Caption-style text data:
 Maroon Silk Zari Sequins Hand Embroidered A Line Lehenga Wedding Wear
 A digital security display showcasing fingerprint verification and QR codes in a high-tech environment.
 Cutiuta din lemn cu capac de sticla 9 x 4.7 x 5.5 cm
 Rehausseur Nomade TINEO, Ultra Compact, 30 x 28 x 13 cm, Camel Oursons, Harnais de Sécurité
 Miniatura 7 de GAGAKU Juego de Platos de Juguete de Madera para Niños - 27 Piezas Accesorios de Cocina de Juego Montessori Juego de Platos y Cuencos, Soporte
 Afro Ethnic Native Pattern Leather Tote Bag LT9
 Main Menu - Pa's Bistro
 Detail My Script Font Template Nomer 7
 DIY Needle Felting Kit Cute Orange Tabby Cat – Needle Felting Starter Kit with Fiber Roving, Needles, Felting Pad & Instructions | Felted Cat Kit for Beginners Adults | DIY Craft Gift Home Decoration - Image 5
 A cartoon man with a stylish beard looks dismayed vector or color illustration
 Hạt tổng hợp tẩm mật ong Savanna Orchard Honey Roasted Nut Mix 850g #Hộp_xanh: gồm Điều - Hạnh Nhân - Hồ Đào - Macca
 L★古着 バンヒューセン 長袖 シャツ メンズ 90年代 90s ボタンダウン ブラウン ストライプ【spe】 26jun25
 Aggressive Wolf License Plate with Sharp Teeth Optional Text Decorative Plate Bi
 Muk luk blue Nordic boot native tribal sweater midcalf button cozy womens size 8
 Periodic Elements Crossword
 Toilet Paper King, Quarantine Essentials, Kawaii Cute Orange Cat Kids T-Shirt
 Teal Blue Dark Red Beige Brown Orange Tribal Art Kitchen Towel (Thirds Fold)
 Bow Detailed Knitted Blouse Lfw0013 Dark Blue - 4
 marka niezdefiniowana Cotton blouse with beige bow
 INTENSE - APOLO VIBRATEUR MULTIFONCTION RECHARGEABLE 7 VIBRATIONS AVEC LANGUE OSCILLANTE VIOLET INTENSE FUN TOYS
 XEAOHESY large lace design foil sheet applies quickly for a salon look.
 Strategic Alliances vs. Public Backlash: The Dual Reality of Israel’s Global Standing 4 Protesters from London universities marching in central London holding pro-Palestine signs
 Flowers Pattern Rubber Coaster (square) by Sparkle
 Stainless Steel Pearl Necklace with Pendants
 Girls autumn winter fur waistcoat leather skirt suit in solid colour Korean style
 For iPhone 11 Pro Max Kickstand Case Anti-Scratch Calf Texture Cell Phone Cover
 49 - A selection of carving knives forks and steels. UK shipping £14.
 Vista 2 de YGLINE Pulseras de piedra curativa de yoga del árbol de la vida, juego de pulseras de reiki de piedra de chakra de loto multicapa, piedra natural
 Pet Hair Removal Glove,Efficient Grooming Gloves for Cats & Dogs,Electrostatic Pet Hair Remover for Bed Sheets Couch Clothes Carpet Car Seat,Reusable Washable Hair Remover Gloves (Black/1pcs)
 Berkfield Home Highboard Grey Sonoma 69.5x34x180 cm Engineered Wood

INSTRUCTIONS FOR THE TASK:
All entries are to be printed once more, exactly as given.

SOLUTION FOR THIS TASK:
 Maroon Silk Zari Sequins Hand Embroidered A Line Lehenga Wedding Wear
 A digital security display showcasing fingerprint verification and QR codes in a high-tech environment.
 Cutiuta din lemn cu capac de sticla 9 x 4.7 x 5.5 cm
 Rehausseur Nomade TINEO, Ultra Compact, 30 x 28 x 13 cm, Camel Oursons, Harnais de Sécurité
 Miniatura 7 de GAGAKU Juego de Platos de Juguete de Madera para Niños - 27 Piezas Accesorios de Cocina de Juego Montessori Juego de Platos y Cuencos, Soporte
 Afro Ethnic Native Pattern Leather Tote Bag LT9
 Main Menu - Pa's Bistro
 Detail My Script Font Template Nomer 7
 DIY Needle Felting Kit Cute Orange Tabby Cat – Needle Felting Starter Kit with Fiber Roving, Needles, Felting Pad & Instructions | Felted Cat Kit for Beginners Adults | DIY Craft Gift Home Decoration - Image 5
 A cartoon man with a stylish beard looks dismayed vector or color illustration
 Hạt tổng hợp tẩm mật ong Savanna Orchard Honey Roasted Nut Mix 850g #Hộp_xanh: gồm Điều - Hạnh Nhân - Hồ Đào - Macca
 L★古着 バンヒューセン 長袖 シャツ メンズ 90年代 90s ボタンダウン ブラウン ストライプ【spe】 26jun25
 Aggressive Wolf License Plate with Sharp Teeth Optional Text Decorative Plate Bi
 Muk luk blue Nordic boot native tribal sweater midcalf button cozy womens size 8
 Periodic Elements Crossword
 Toilet Paper King, Quarantine Essentials, Kawaii Cute Orange Cat Kids T-Shirt
 Teal Blue Dark Red Beige Brown Orange Tribal Art Kitchen Towel (Thirds Fold)
 Bow Detailed Knitted Blouse Lfw0013 Dark Blue - 4
 marka niezdefiniowana Cotton blouse with beige bow
 INTENSE - APOLO VIBRATEUR MULTIFONCTION RECHARGEABLE 7 VIBRATIONS AVEC LANGUE OSCILLANTE VIOLET INTENSE FUN TOYS
 XEAOHESY large lace design foil sheet applies quickly for a salon look.
 Strategic Alliances vs. Public Backlash: The Dual Reality of Israel’s Global Standing 4 Protesters from London universities marching in central London holding pro-Palestine signs
 Flowers Pattern Rubber Coaster (square) by Sparkle
 Stainless Steel Pearl Necklace with Pendants
 Girls autumn winter fur waistcoat leather skirt suit in solid colour Korean style
 For iPhone 11 Pro Max Kickstand Case Anti-Scratch Calf Texture Cell Phone Cover
 49 - A selection of carving knives forks and steels. UK shipping £14.
 Vista 2 de YGLINE Pulseras de piedra curativa de yoga del árbol de la vida, juego de pulseras de reiki de piedra de chakra de loto multicapa, piedra natural
 Pet Hair Removal Glove,Efficient Grooming Gloves for Cats & Dogs,Electrostatic Pet Hair Remover for Bed Sheets Couch Clothes Carpet Car Seat,Reusable Washable Hair Remover Gloves (Black/1pcs)
 Berkfield Home Highboard Grey Sonoma 69.5x34x180 cm Engineered Wood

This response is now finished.